[[ Dataset excerpts open ]]

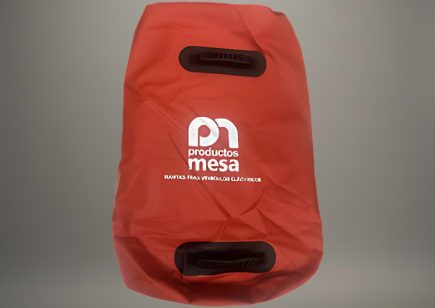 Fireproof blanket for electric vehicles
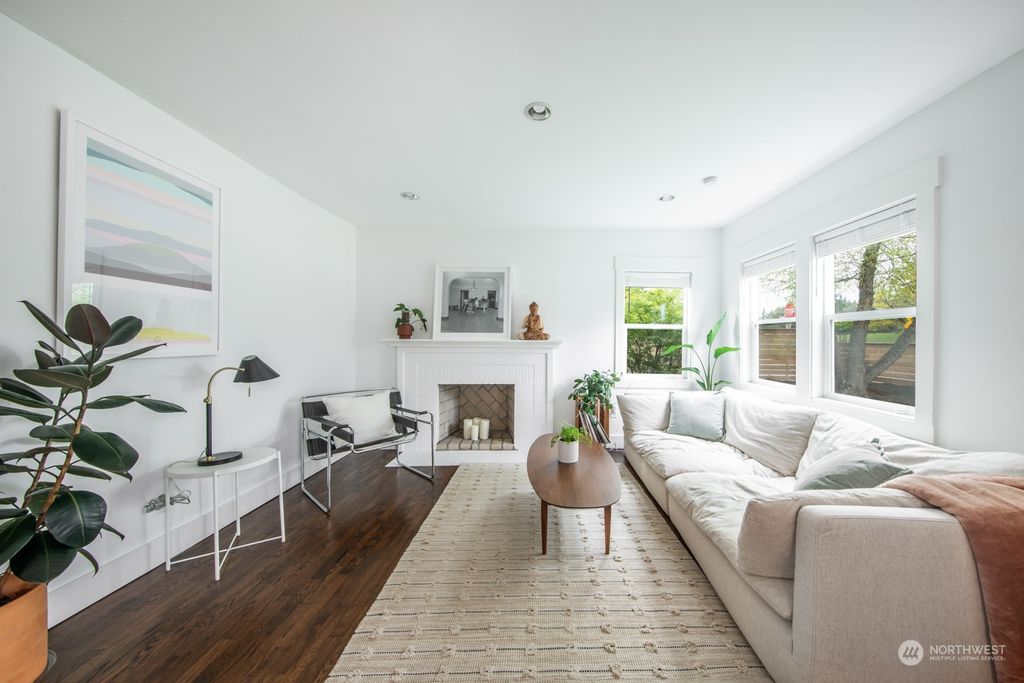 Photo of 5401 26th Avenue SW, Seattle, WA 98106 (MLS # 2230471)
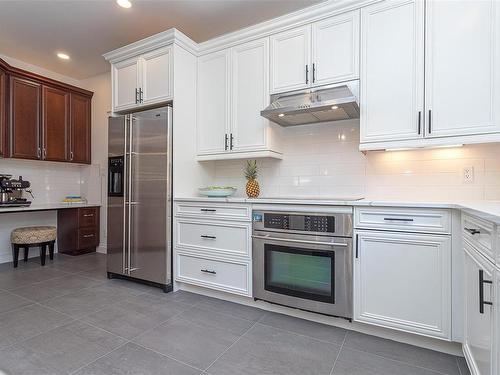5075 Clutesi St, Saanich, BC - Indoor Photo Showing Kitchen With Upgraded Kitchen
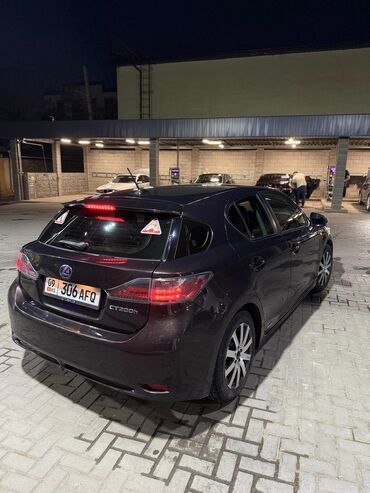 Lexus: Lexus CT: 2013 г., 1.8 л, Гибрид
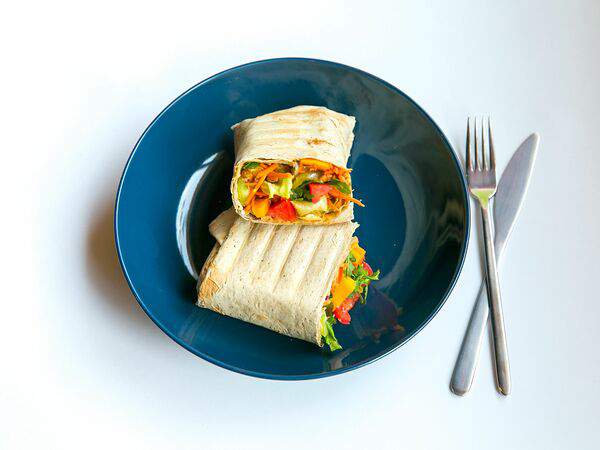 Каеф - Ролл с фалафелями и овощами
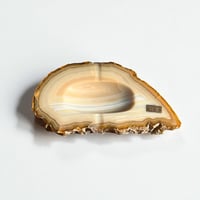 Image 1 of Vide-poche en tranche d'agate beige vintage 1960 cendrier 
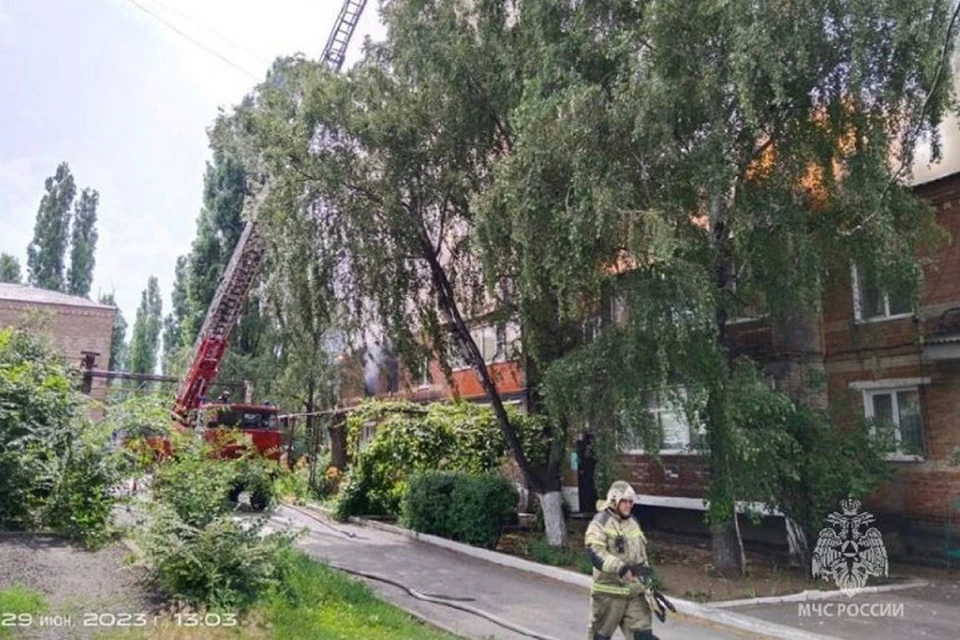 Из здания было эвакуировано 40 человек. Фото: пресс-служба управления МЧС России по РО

[[ Dataset excerpts closed ]]

**Problem description**
The needed output is the lines from the one with "Image 1 of Vide-poche" through the end of the listing, written out exactly, both ends included, pictures excluded.

**Result of this exercise**
 Image 1 of Vide-poche en tranche d'agate beige vintage 1960 cendrier 
 Из здания было эвакуировано 40 человек. Фото: пресс-служба управления МЧС России по РО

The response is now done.